# RECORD SET:
BEGIN

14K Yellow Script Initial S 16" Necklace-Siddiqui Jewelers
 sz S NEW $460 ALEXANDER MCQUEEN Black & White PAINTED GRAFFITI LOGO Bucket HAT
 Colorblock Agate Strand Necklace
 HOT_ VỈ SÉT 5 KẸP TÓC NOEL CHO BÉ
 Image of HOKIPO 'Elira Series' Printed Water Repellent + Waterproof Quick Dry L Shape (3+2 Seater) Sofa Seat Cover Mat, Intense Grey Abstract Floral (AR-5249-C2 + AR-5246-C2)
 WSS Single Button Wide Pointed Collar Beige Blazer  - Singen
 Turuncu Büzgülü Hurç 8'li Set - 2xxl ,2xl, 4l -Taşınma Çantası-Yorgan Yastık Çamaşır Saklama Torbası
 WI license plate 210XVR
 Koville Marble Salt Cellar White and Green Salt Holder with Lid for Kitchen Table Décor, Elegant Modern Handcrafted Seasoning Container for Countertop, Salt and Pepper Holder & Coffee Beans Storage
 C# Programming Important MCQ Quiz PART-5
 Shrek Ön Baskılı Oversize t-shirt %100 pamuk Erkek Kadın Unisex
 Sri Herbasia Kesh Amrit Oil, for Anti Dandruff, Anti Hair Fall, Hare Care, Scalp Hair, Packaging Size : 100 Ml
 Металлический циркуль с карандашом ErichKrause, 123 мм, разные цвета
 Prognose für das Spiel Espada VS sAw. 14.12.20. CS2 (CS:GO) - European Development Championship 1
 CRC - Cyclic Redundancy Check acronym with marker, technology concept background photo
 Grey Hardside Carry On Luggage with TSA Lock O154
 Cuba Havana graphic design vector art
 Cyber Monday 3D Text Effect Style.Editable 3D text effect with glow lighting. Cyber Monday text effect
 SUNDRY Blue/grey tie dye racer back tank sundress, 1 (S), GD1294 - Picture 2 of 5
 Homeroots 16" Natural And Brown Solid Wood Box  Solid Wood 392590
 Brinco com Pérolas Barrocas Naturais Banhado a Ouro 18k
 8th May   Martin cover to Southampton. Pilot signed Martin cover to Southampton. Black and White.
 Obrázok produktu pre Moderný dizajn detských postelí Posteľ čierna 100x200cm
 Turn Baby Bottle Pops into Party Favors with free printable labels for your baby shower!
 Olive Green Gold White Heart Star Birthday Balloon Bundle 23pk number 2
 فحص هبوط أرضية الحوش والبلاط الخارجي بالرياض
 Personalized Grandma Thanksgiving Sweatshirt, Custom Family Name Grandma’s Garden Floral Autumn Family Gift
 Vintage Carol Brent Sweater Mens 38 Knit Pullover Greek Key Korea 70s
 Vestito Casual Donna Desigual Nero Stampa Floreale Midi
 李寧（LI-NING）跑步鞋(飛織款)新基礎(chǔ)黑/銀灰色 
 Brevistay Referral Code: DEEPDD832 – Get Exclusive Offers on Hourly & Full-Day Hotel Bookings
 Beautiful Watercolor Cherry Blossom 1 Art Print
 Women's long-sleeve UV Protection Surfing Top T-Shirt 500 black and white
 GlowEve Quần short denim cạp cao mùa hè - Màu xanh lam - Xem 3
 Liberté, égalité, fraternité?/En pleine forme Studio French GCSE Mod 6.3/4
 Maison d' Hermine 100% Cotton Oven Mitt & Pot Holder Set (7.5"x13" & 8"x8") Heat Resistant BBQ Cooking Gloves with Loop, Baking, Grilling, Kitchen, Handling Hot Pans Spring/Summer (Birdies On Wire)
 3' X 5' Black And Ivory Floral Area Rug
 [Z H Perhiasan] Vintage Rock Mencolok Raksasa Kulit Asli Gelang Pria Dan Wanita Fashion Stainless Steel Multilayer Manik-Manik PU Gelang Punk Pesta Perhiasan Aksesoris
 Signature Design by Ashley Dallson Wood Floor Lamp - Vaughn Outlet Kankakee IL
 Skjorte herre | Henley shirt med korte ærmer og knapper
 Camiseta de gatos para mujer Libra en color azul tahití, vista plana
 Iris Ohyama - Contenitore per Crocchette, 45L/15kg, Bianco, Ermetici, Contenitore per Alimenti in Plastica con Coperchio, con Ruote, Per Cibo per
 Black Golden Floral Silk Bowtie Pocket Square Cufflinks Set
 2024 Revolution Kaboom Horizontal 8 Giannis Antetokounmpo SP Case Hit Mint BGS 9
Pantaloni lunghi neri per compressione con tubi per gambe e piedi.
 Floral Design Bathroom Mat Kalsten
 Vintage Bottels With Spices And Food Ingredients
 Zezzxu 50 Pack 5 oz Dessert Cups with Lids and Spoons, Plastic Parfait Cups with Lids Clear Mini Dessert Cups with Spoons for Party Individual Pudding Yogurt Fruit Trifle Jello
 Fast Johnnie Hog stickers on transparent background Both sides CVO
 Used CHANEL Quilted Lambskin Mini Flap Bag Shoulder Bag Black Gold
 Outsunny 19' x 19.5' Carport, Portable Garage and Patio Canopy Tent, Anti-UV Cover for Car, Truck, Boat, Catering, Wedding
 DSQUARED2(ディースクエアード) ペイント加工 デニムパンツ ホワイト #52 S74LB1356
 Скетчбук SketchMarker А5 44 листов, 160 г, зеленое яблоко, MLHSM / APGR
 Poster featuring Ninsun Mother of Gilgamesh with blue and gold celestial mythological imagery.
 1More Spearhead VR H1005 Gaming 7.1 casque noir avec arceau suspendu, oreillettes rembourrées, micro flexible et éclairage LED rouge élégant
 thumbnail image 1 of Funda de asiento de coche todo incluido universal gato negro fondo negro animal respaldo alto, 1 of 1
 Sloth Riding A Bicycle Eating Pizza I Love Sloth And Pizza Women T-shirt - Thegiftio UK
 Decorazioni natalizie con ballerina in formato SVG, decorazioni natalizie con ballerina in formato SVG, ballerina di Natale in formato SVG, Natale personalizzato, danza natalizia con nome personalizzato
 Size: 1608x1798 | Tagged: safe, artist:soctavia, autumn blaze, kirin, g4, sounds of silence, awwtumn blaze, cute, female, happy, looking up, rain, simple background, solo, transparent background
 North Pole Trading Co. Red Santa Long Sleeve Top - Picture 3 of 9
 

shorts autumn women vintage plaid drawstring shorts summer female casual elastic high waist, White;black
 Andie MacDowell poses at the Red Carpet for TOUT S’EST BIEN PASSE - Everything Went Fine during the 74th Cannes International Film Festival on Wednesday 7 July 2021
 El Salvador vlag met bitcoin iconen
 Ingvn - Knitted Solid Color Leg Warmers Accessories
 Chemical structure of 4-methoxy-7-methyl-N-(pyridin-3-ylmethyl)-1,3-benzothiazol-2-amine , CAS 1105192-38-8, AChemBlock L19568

END

# WHAT YOU ARE ASKED TO DO:
Retype only the lines above between the line with "SUNDRY Blue/grey tie" and the line with "Obrázok produktu pre", counting those two lines as well, and keep every character as it is.

# REPLY:
 SUNDRY Blue/grey tie dye racer back tank sundress, 1 (S), GD1294 - Picture 2 of 5
 Homeroots 16" Natural And Brown Solid Wood Box  Solid Wood 392590
 Brinco com Pérolas Barrocas Naturais Banhado a Ouro 18k
 8th May   Martin cover to Southampton. Pilot signed Martin cover to Southampton. Black and White.
 Obrázok produktu pre Moderný dizajn detských postelí Posteľ čierna 100x200cm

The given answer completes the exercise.